Work task: Given the records below, would you repeat exactly the lines that begin at the one containing "Isometrisches Fake News" and end at the one containing "Social Media Planner template on monday.com", inclusive?

Extracted material:
↓
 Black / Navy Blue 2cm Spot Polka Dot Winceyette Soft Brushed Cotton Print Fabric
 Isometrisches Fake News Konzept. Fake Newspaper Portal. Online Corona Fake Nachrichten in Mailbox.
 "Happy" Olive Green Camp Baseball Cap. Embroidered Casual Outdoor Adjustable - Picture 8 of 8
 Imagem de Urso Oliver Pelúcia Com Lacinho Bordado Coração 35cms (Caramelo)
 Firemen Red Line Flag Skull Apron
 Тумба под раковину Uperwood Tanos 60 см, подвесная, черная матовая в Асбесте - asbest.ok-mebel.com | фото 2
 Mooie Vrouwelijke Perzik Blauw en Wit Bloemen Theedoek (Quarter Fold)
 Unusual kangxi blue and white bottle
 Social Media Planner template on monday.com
↑
↓
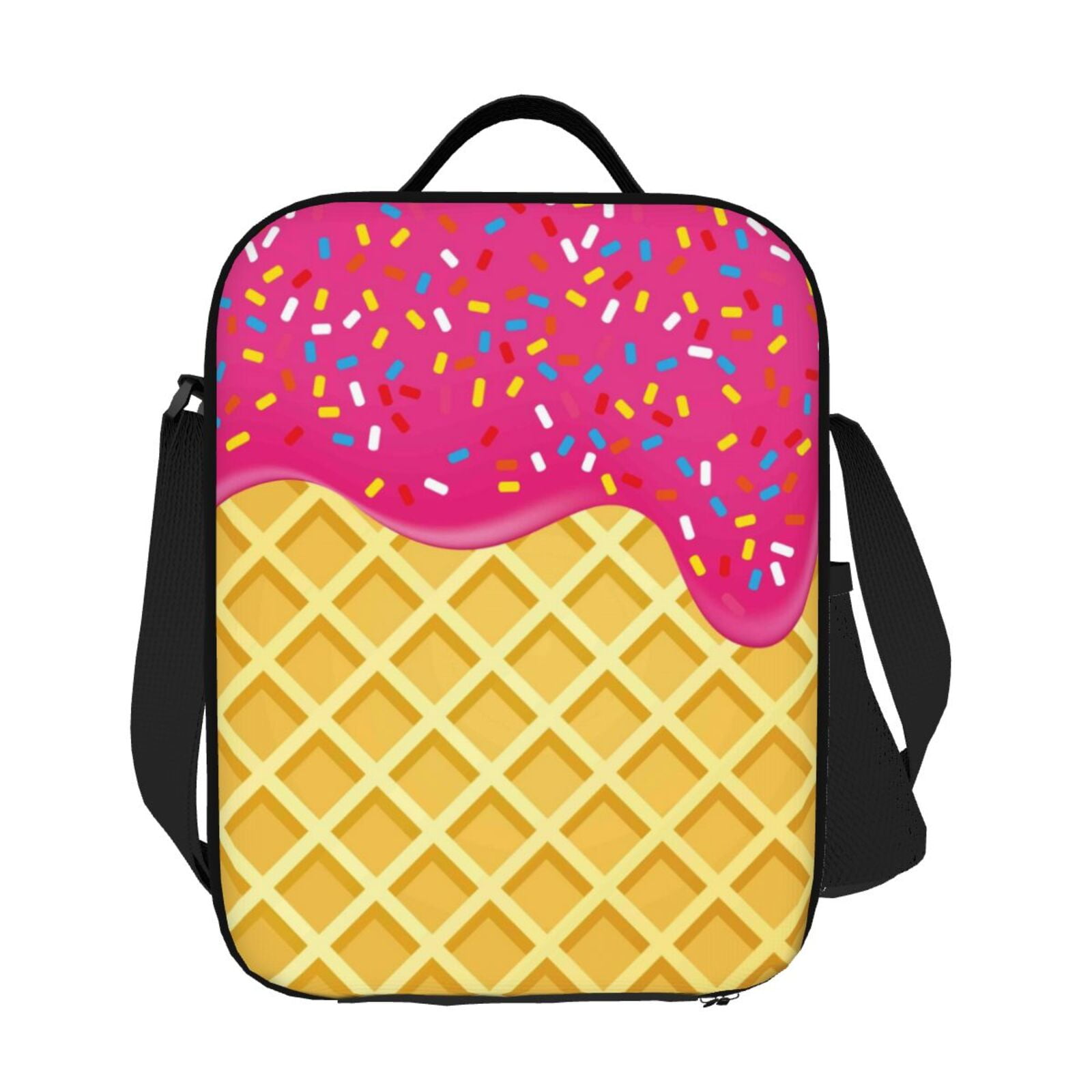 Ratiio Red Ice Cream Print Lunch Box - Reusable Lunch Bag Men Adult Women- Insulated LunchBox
↑
Answer space:
 Isometrisches Fake News Konzept. Fake Newspaper Portal. Online Corona Fake Nachrichten in Mailbox.
 "Happy" Olive Green Camp Baseball Cap. Embroidered Casual Outdoor Adjustable - Picture 8 of 8
 Imagem de Urso Oliver Pelúcia Com Lacinho Bordado Coração 35cms (Caramelo)
 Firemen Red Line Flag Skull Apron
 Тумба под раковину Uperwood Tanos 60 см, подвесная, черная матовая в Асбесте - asbest.ok-mebel.com | фото 2
 Mooie Vrouwelijke Perzik Blauw en Wit Bloemen Theedoek (Quarter Fold)
 Unusual kangxi blue and white bottle
 Social Media Planner template on monday.com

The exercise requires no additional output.